Eliminating UI Lag in a High‑End Android App: Overdraw, CPU, and Scroll Optimization
After noticing persistent UI stutter on a flagship Android real‑estate app even on 6 GB devices, the author analyzes root causes—CPU overload, GPU overdraw, and memory pressure—then details step‑by‑step fixes using developer options, layout cleanup, and TraceView to achieve sub‑16 ms frame rendering.
Background
An Android engineer observed noticeable UI jitter when scrolling the home page of a real‑estate app, even on high‑end devices with 6 GB RAM, indicating that the problem was not caused by hardware limitations.
Root Cause Analysis
Three main factors were identified:
CPU saturation : Numerous background services and other apps consume CPU cycles that are needed by SurfaceFlinger to forward draw commands to the GPU.

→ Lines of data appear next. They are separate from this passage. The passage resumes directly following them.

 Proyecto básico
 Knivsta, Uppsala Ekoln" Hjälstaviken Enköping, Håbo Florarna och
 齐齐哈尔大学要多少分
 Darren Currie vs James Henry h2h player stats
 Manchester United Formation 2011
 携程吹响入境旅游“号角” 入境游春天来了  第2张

GPU overload (overdraw) : Excessive draw commands cause frames to exceed the 16 ms budget required for smooth UI, leading to dropped frames.
Memory pressure : Although modern phones usually have sufficient RAM, the app can leak memory or hold large caches, which may cause occasional stalls.

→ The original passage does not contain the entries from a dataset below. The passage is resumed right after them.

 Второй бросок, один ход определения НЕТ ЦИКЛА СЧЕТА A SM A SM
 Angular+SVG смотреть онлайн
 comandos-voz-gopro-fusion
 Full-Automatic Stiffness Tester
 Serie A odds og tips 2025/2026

Root‑cause analysis typically consumes about 80 % of the debugging effort, while the actual fix takes the remaining 20 %.
Detecting Overdraw
The built‑in Android developer options Debug GPU Overdraw and GPU Rendering Profile were enabled. The visual overlay showed large overdraw regions on the home page, and the rendering histogram indicated that most frames exceeded the 16 ms budget.
Overdraw Reduction Steps
The following actions were taken to eliminate unnecessary drawing operations:
Remove the activity theme background in the XML style or set it to null in onCreate.
Ensure the root ViewGroup of the activity layout does not set a background color; let child views handle their own backgrounds.
Apply the same rule to the fragment’s root layout.
Inspect each card view on the home page for redundant background attributes and remove them.
Check list items (e.g., the recommended house ListView) for unnecessary background settings.
Avoid calling notifyDataSetChanged, invalidate, or requestLayout unless required, as these force view re‑drawing.
If backgrounds overlap, override onDraw and draw everything onto a cached canvas before flushing to the screen.
CPU‑Bound Issues and TraceView Profiling
After reducing overdraw, occasional lag persisted. The Android TraceView tool was used to profile the main thread. The trace revealed that a custom MyScrollView performed heavy work during scrolling, with the onScroll callback taking about 358 ms on the UI thread.
override fun onScroll(scrollY: Int) {
LjExposureUtil.statistics(mExposureCardList, mVisibleList)
mRecommendHouseCard?.childExposure()
}Refactoring the Scroll Logic
To prevent UI blocking during active scrolling, the analytics call was moved to a method that executes only after scrolling stops.
override fun onScrollStop() {
LjExposureUtil.statistics(mExposureCardList, mVisibleList)
mRecommendHouseCard?.childExposure()
}This change removes the heavy work from the continuous scroll callbacks, resulting in smoother scrolling.
Results and Next Steps
After applying the overdraw clean‑up and scroll refactor, the GPU rendering histogram showed that the majority of frames stayed under the 16 ms threshold. Further performance gains can be achieved by replacing the current home page implementation with a RecyclerView based layout.